In all, the researchers evaluated antibodies corresponding to the FDA-authorized ones made by Eli Lilly and Co., Regeneron and Vir Biotechnology/GlaxoSmithKline, as well as the antibodies currently under development by AbbVie, Vir and AstraZeneca that are in clinical trials.

The researchers -- led by co-first authors Rita E. Chen, an MD/PhD student, Emma S. Winkler, an MD/PhD student, and Brett Case, PhD, a postdoctoral researcher -- tested the antibodies against a panel of virus variants containing key mutations in their spike genes. The SARS-CoV-2 virus uses spike protein to invade cells. All monoclonal antibody-based COVID-19 therapies work by interfering with the interaction between spike protein and cells.

The panel included mutations found in three of the four variants that have been designated "variants of concern" by the World Health Organization -- Alpha (first identified in the United Kingdom), Beta (South Africa) and Gamma (Brazil) -- as well as an emerging variant from India similar to the Delta variant of concern. They also tested variants from New York and California. The researchers used a mix of virus samples originally obtained from people with COVID-19 and laboratory strains genetically engineered to contain key mutations.

The researchers evaluated the antibodies in hamsters and two strains of mice. The researchers first gave the animals antibodies -- singly or in the same combinations in which they are given to treat patients -- a day before infecting them with one of the virus variants. The researchers monitored the animals' weight for six days and then measured the amount of virus in their noses, lungs and other parts of the body.

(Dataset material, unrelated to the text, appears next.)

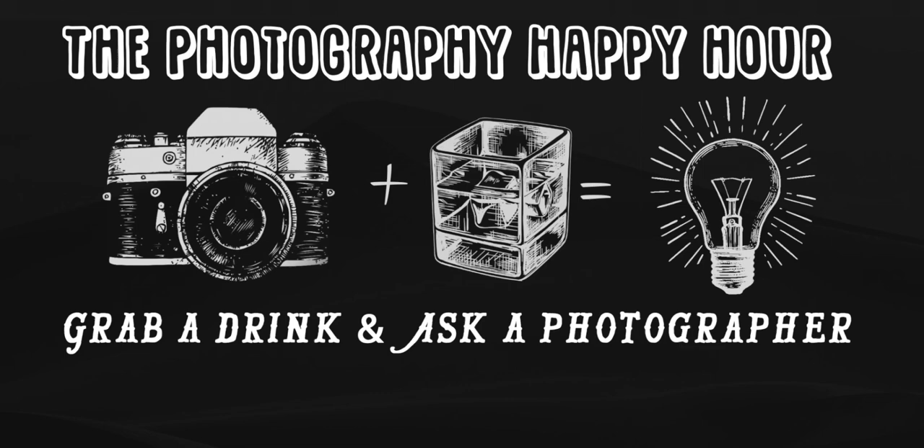All right, well, welcome everybody. Welcome to the Photography Happy Hour. I'm your host, Mike Wardinsky, and thank you guys for joining us today.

Although some single antibodies showed reduced or no ability to neutralize virus variants in a dish, low doses of most of the antibody combinations protected against disease caused by many of the variants. The researchers sequenced viral samples from the animals and found no evidence of drug resistance in viruses from any of the animals that had been treated with combination therapies.

"Dual therapy seemed to prevent the emergence of resistant viruses," said co-author Jacco Boon, PhD, an associate professor of medicine, of molecular microbiology and of pathology & immunology. "Resistance arose with some of the monotherapies, but never with combination therapy."

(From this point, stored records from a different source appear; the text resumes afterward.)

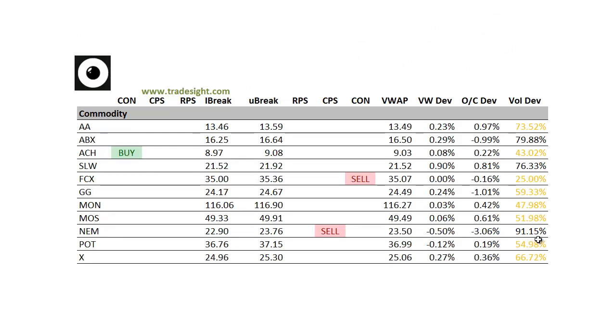And finally on to the commodities. Not a real bias here as far as the signals go — a couple to buy, a couple to sell. Newmont's pretty weak. It's got a downside CPS and it's 3% below the day's open, so that might be one to look at for tomorrow. Gold was fairly strong earlier in the day and that's getting back all its gains and going out flat on the day here.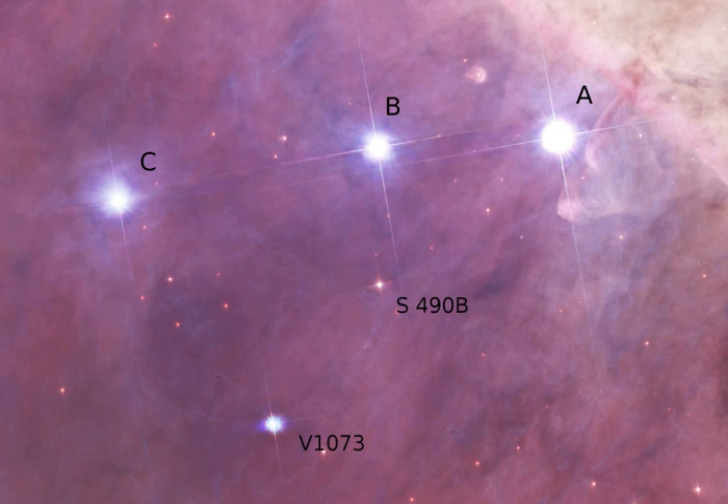Theta-1 Orionis, the well-known Trapezium Cluster, is only two arc minutes away from Theta-2 Orionis A. Despite the names, Theta-2 Orionis A is marginally brighter than the brightest star in the Trapezium. The catalogue of components of double and multiple stars includes the stars of Theta-1 and Theta-2 Ori within the same system of thirteen components.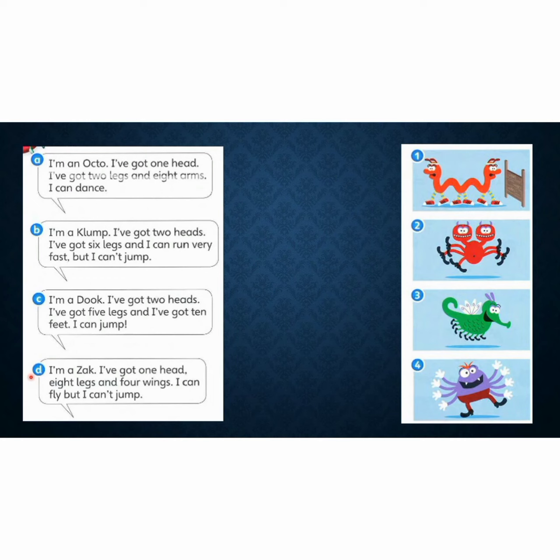Last one. Picture D. I'm a duck. I've got one head, eight legs, and four wings. I can fly. But I can jump. So which one do you think? Match the descriptions. Match the tops.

Since antibody-based COVID-19 therapies primarily are used to treat people who already are infected, the researchers also evaluated how well the antibody combinations performed when given after infection with the Beta variant. The Beta variant was chosen because it has been shown to be most likely to escape neutralization in laboratory-based experiments and has the most resistance to COVID-19 vaccines. The antibody cocktails corresponding to those from AstraZeneca, Regeneron and Vir were all effective at reducing disease caused by the Gamma variant; the one from AbbVie only was partially protective, and the one from Lilly showed no efficacy at all.

"It's going to be useful going forward to understand how these monoclonal antibodies are going to behave as variants continue to emerge," said Diamond, who also is a professor of molecular microbiology and of pathology & immunology. "We need to think about and generate combinations of antibodies to preserve our ability to treat this disease. And we'll need to monitor for resistance -- although, in my opinion, the use of specific combinations will make this less of an issue."